Moving toward more experimental approaches would be good for the field, agree researchers who spoke to The Scientist. In animal models, researchers are increasingly trying to modulate the epigenome rather than simply observe it. Mansuy and others have reported that injecting RNAs from mouse sperm cells into eggs or embryos elicits physiological or behavioral changes in the animals. Baccarelli notes that new technologies derived from DNA-editing enzymes could allow researchers to edit DNA methylation patterns too. “I think the big opportunity for epigenetics now is to use epigenetic editing to actually get to see what happens when you . . . edit a certain methylation site, to see whether the gene turns on and off—that’s not something we can take for granted—and then to see what is the phenotype that changes.”

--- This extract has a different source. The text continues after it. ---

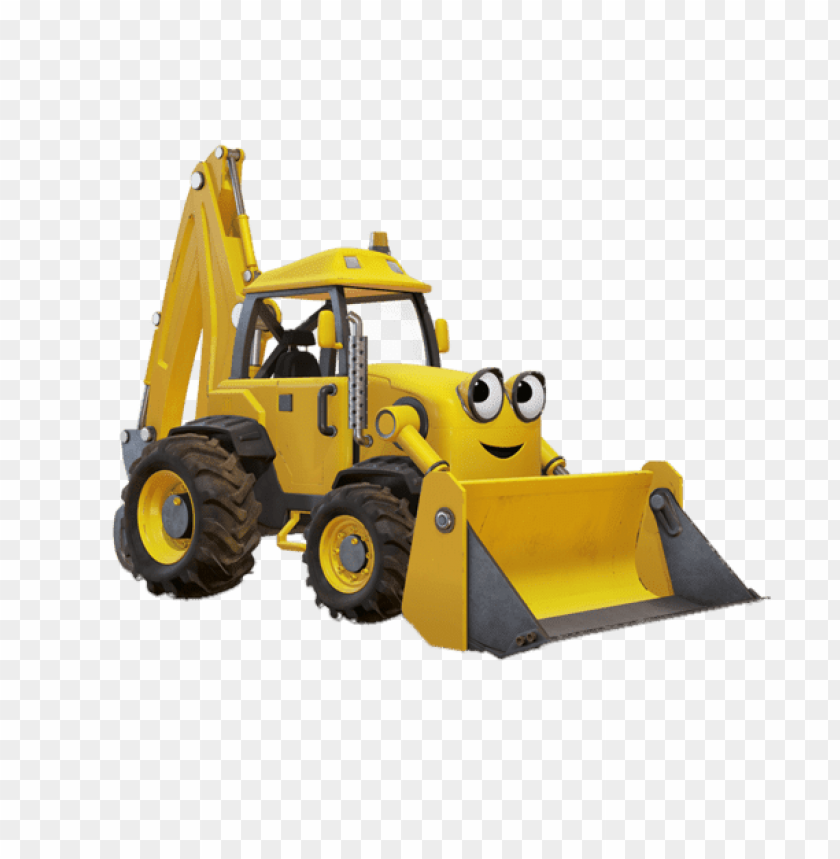 Download bob the builder scoop clipart png photo  @toppng.com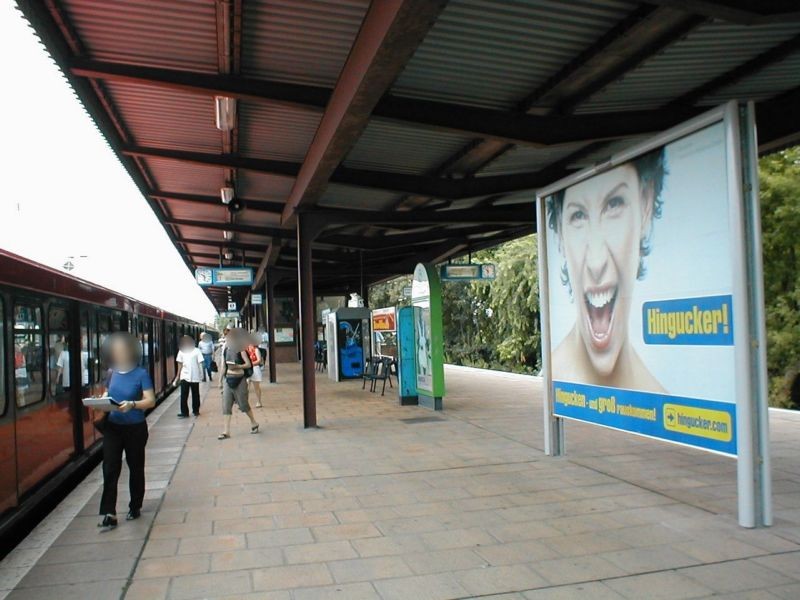 S-Bf Greifswalder Str., Bstg., Gl. 1, Ri. Ostkreuz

See “Researchers Engineer Epigenome Editors to Study How Gene Expression Affects Disease

A field still awaiting answers

As data trickle in, arguments about which, if any, aspects of epigenetic inheritance hypotheses are likely to apply to humans continue to simmer in the literature. Many scientists still lament what they view as hype, misreporting, and an unhelpful blurring of definitions in the field, particularly when it comes to distinguishing between inter- and transgenerational effects. Some researchers in this field, meanwhile, say they feel their work’s been unduly maligned. Many people don’t appreciate how much effort it’s taken to get research on epigenetic inheritance recognized, Mansuy says over email, adding that “collecting data and publishing [in this discipline] require more efforts and time than in more classical fields.” She also points to struggles that she and some of her colleagues have had obtaining funding for projects on epigenetic inheritance in mammals in recent years. 

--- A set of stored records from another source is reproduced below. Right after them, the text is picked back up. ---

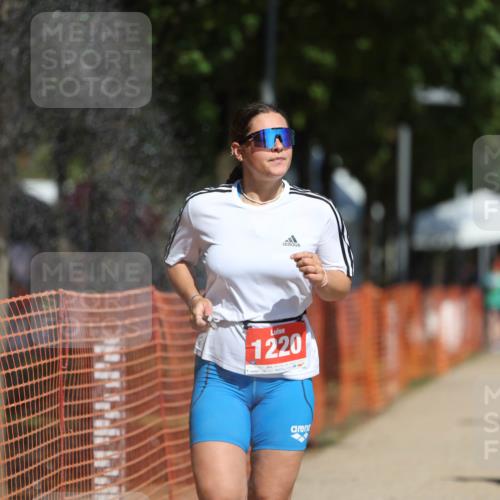 07.09.2025 - 19. Norderstedt Triathlon Michael Strokosch http://msf.ph/oto/8797095 07.09.2025 12:21:15 Laufen 168, 845, 1220 meine-sportfotos.de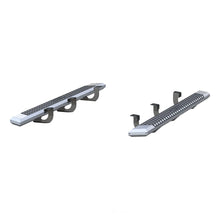Load image into Gallery viewer, ARIES AdvantEDGE 5-1/2" x 75" Chrome Aluminum Side Bars 2555054 fits Ford Explorer - Installation View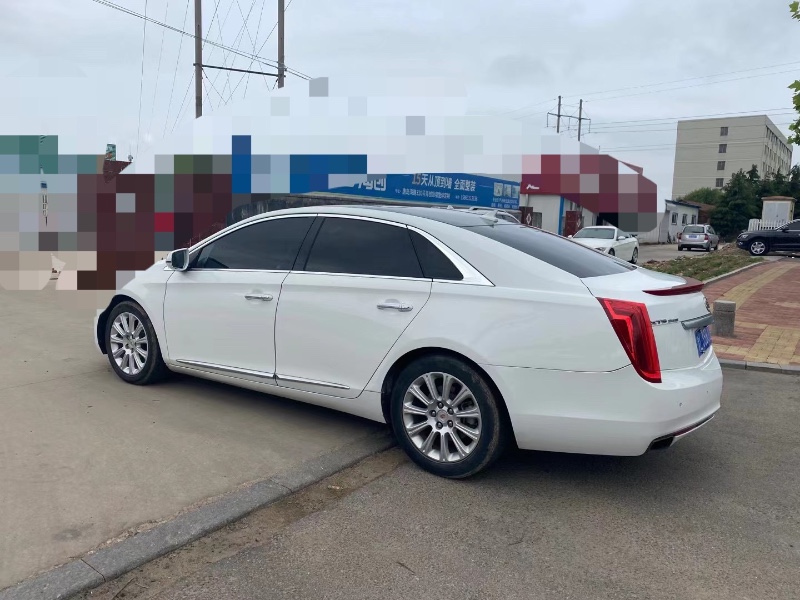 青岛15年凯迪拉克XTS6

Other scientists say they’re still prepared for concepts of epigenetic inheritance to fail, either because the relevant mechanisms turn out to be vanishingly rare in humans or because their effects end up being negligible compared to everything else influencing development. “I don’t think we’ll ever point to a single study across multiple generations [and say], ‘They finally showed it!’” Breton says. “I think it’s going to end up being the cumulative evidence. The more papers that show the same set of relationships, that’s where we’re going to end up saying, ‘OK, I think we start to believe this’—or maybe we don’t. Maybe in the end it was all the other life stuff that was getting in the way that really made it look like an association, and really it isn’t.”

For LUMC’s Heijmans, reduced interest in epigenetic inheritance now as compared to several years ago offers a welcome opportunity for epigeneticists to focus efforts on more-fruitful research directions, he says, noting that “there are more-relevant nuts to crack.” He has been studying how prenatal or early-life environments might influence the epigenome, and whether epigenetic alterations can be used as biomarkers to predict disease risk within a person’s lifetime. This could in theory “help us in identifying vulnerable individuals, and also monitoring [their] health,” he says—in other words, “helping them using epigenetics. That’s where I think it can be quite relevant.” 

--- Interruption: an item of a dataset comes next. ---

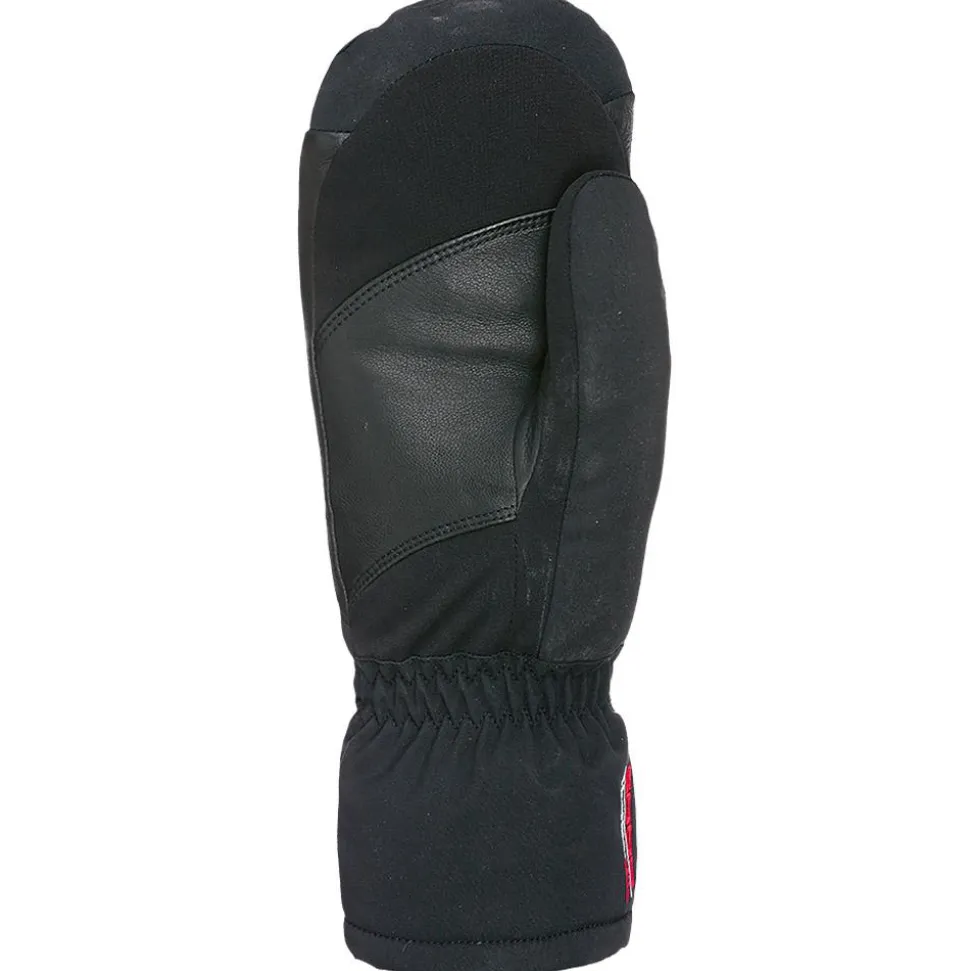 Moffole Level Flames Mitt Black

Perhaps, he speculates, the field is ready for the sort of transition that many scientific disciplines have to go through. “Sometimes, the first question is not even answered by the field, and then we all jump to the next question. It’s like when small children play football, you see them all where the ball is, not spread out across the field. . . . I think in science it’s also a bit like that.” 

Correction (April 6): The original version of this article implied that studies by Isabelle Mansuy measured effects of injected non-coding RNAs in developing animals. In fact, her studies observed the effects of total sperm RNA in adult animals. The Scientist regrets the error.